In Brazil and Haiti (and also in the other French colonies during the monarchy), the goal was to work the slaves to death. This was also done in the US, but when the Brits started capturing slave ships and the plantation owners considered that slaves could be a more valuable cash crop with no competition from abroad, the US decided to ban new importations, at least legally. Plus, the Plantation owners liked to say that the Plantations were much better for the darkies than the jungles of barbarous Africa, plus, the slaves got their souls saved as well, an added plus, with Biblical justification.The slave population increased in the South even more than it did no Brazil, where new slaves were imported all the time and legally.
Jefferson Davis' brother had a plantation on some legendary isle in the Mississippi where the massa rarely bothered to visit, and where everyone was a darkie, happily toiling away and singing and dancing and jumpin de broom jes' like in Uncle Remus.
This is the myth of slavery that Plane is quoting.
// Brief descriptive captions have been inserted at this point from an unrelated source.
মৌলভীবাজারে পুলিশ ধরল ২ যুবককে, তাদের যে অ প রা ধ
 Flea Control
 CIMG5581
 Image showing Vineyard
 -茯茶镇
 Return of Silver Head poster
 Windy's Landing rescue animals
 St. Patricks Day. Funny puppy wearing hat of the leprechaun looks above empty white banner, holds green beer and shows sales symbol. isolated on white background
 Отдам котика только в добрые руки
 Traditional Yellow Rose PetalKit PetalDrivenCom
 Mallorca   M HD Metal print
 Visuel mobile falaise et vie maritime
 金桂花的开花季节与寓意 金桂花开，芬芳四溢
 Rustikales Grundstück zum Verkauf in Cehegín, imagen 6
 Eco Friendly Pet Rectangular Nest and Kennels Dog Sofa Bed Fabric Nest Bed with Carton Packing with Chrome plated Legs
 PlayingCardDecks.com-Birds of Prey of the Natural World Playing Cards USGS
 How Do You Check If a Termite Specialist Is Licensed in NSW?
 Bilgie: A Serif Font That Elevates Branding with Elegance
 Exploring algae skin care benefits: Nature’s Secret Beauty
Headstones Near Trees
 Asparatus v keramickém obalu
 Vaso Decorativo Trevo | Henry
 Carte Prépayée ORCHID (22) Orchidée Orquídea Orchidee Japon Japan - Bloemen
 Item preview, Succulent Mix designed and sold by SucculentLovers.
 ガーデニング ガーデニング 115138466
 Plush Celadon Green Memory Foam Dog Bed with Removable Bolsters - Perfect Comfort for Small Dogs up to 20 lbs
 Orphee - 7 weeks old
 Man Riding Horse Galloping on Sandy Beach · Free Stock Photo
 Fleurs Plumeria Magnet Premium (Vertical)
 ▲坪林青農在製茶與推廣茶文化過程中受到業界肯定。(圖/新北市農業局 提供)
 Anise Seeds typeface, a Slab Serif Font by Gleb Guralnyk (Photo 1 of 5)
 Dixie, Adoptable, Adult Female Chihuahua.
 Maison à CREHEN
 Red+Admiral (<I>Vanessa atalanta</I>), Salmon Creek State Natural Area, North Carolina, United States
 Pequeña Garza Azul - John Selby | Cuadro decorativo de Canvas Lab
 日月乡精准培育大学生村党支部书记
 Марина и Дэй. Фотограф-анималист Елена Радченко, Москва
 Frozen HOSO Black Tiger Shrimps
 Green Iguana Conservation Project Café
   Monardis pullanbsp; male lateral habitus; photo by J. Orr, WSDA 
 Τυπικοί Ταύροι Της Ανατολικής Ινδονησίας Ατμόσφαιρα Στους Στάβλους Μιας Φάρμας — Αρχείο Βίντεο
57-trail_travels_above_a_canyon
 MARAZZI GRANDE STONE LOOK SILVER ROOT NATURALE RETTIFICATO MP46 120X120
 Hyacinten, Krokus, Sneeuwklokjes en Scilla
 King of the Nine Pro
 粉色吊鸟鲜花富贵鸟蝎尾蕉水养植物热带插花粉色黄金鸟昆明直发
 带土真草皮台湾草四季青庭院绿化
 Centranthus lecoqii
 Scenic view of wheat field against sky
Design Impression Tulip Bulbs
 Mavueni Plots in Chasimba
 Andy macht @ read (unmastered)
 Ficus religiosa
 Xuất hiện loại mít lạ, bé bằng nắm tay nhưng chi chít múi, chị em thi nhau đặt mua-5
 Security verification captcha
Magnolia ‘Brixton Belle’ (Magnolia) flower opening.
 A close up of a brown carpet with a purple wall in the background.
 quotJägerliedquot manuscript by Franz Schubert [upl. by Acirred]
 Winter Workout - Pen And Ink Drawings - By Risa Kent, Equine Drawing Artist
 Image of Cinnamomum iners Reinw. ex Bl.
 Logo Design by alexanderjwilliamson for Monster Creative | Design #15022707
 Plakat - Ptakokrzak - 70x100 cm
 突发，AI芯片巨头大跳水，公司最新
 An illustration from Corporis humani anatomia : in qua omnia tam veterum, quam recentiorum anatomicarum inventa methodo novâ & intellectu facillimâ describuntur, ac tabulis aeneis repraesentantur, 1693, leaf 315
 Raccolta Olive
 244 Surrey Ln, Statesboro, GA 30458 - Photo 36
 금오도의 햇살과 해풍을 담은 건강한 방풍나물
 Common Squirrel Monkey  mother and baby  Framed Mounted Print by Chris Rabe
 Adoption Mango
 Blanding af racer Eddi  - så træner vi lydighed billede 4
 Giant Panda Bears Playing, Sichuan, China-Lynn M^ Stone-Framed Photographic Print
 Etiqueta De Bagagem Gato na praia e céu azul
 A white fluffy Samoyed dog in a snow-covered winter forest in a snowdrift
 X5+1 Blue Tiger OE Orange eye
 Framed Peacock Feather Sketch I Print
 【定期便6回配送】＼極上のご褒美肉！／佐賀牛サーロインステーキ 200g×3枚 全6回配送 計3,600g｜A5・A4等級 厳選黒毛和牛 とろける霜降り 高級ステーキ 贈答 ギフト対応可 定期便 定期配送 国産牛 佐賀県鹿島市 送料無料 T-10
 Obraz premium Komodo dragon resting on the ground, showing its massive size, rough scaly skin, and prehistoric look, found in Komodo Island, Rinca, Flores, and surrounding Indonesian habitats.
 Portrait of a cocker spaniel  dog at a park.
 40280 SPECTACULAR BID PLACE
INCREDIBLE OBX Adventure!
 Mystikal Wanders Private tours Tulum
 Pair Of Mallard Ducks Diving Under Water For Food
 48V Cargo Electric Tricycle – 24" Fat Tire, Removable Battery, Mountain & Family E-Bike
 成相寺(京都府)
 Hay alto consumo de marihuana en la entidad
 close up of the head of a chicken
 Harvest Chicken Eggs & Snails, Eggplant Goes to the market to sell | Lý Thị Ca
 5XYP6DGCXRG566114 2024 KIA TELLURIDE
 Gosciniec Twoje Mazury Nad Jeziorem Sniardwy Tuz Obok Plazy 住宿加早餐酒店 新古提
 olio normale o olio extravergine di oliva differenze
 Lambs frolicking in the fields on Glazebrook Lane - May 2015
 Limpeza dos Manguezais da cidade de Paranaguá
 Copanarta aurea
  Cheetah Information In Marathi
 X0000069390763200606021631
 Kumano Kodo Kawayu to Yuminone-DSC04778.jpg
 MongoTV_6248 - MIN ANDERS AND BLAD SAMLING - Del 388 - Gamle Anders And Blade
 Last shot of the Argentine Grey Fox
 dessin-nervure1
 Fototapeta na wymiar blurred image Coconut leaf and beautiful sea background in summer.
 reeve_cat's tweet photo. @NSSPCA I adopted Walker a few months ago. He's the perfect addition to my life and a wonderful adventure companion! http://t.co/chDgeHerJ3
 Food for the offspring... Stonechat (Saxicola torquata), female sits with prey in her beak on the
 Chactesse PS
Southerners believed that slavery wasn't all bad. It was, in many ways, a GOOD thing, and economics was on the side of decent treatment, because the market is always wise. The Northerners, they just didn't understand.
It is harder to kill a myth about barbarism than it is barbarism itself.
The rightwing always wants to return to them good ol' days, when justice always came swiftly with a silver bullet and left with a hearty "Hi-yo Silver, awaaaaay!".